In opposition to the officers' motions, the plaintiffs also offer the voluntary statement of Anthony Wayne Parks ("Parks"), an eyewitness who works at the same place of business as Xolalpa. Voluntary Statement of Anthony Wayne Parks ("Parks' Statement"), Plaintiffs' Appendix at 13-14. This statement was taken by Sergeant Kenny Ray of the Texas Rangers, who apparently investigated the incident. Id. at 14. In his statement, Parks states that he stood approximately thirty yards from the scene of the incident. Id. at 13. Parks states that he could not hear anything that Gannon or Hernandez said, due to traffic noise. Id. According to Parks' statement, the first thing that he saw was Gannon chasing Hernadez on foot. Id. After Hernandez ran into a field, according to Parks, "[Gannon] caught [Hernandez]. [Hernandez] was placed on the ground with [Gannon] sitting on [Hernandez'] back." Id. Parks testifies that he never saw Gannon strike or kick Hernandez. Id.
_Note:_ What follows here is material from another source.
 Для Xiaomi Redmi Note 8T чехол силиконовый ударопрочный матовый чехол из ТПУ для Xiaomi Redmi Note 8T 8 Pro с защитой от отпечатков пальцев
Parks does not identify Gannon, Fincher, or Hernandez by name in his statement. However, when analyzing his statement in light of Xolalpa's, Fincher's, and Gannon's affidavits, "the subject," as used in the statement, clearly identifies Hernandez, "Officer #1" clearly identifies Gannon, and "Officer #2" clearly identifies Fincher.

Parks goes on to state that after Gannon "had custody of" Hernandez, Fincher "ran over to [Hernandez]" and "kicked [Hernandez] at least two (2) times. [Fincher] then struck [Hernandez] with his ([Fincher's]) fist, two (2) to four (4) times." Id. at 14. Parks further states that neither Fincher or Gannon ever drew their weapons or hit Hernandez with "any type of object." Id.
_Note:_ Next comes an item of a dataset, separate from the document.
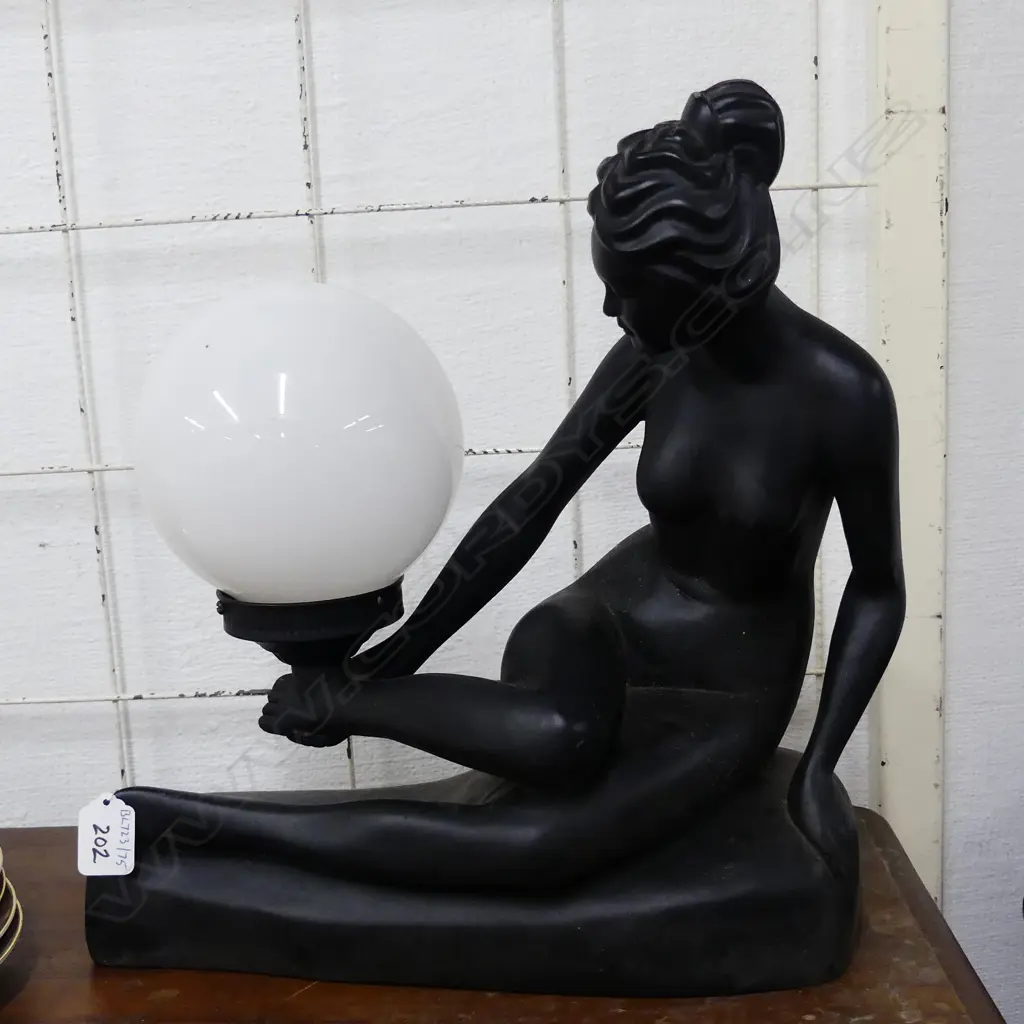 BLACK LADY LAMP Image 1++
The plaintiffs also offer the voluntary statement of Felipe Rosas Sisneros ("Sisneros"), which was also made to Sergeant Ray of the Texas Rangers. Voluntary Statement of Felipe Rosas Sisneros ("Sisneros' Statement"), Plaintiffs' Appendix at 15-16. Sisneros also works at the same place of business as Parks and Xolalpa. Sisneros states that he saw Gannon chase Hernandez into a "wooded area." Id. at 15. Sisneros states that Gannon tripped Hernandez, kicked him in the ribs once, placed his knee in Hernandez' back, and struck him with his fists twice. Id. Sisneros further states that Fincher then ran over to the scene, placed his knee in Hernandez' back, and struck him with his fist five times. Id. Like Parks, Sisneros states that neither officer drew his weapon, nor did either officer strike Hernandez with any type of object. Id.
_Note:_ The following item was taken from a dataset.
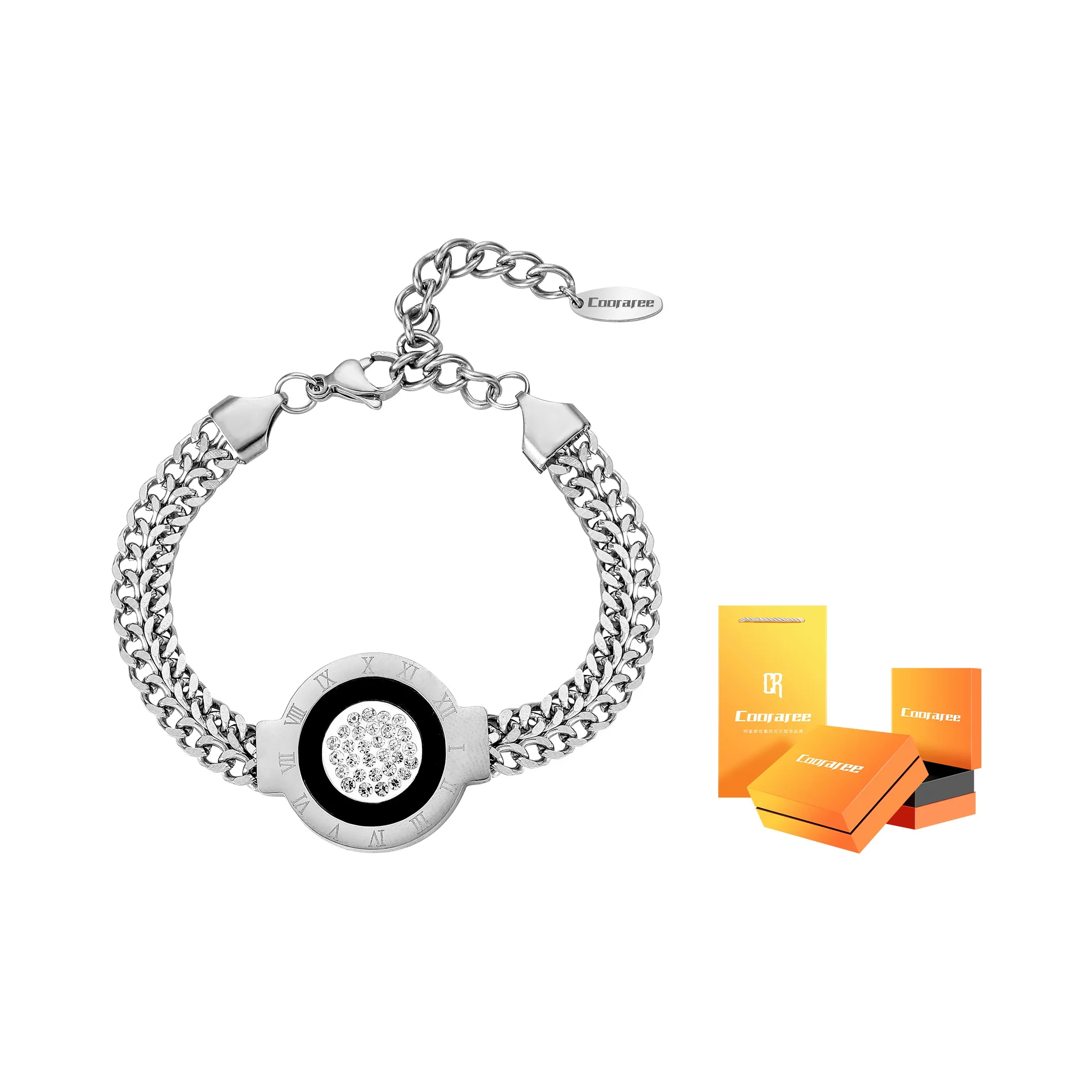 Cooraree Titanium Steel Bracelets Unisex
Sisneros also does not identify Hernandez, Gannon, or Fincher by name. However, using the same reasoning above, the court interprets his statement in the same manner as Parks' Statement.

Finally, the plaintiffs introduce the voluntary statement of Xolalpa, which was also made to Sergeant Ray. Voluntary Statement of Oswaldo Xolalpa, Plaintiffs' Appendix at 17-18. However, a review of Xolalpa's voluntary statement reveals that it is substantially the same as his affidavit. Thus, the court need not discuss the description of the events contained in Xolalpa's voluntary statement.

As stated above, on a motion for summary judgment, the court must view all facts in the light most favorable to the plaintiffs as opponents of the motion. See Anderson, 477 U.S. at 255. The court has taken into consideration the autopsy report (which concluded that Hernandez' death was a homicide caused by blunt force injuries), the defendants' accounts of the incident, and the accounts given by the three eyewitnesses. Viewing this evidence in the light most favorable to the plaintiffs, it appears to the court that there are disputed issues of fact as to whether Hernandez' death was caused by force excessive to the need at the time of his arrest. Therefore, the court will proceed to the final element of the alleged constitutional violation of excessive force, whether the force used by Gannon and Fincher was objectively unreasonable. See Flores, 381 F.3d at 396.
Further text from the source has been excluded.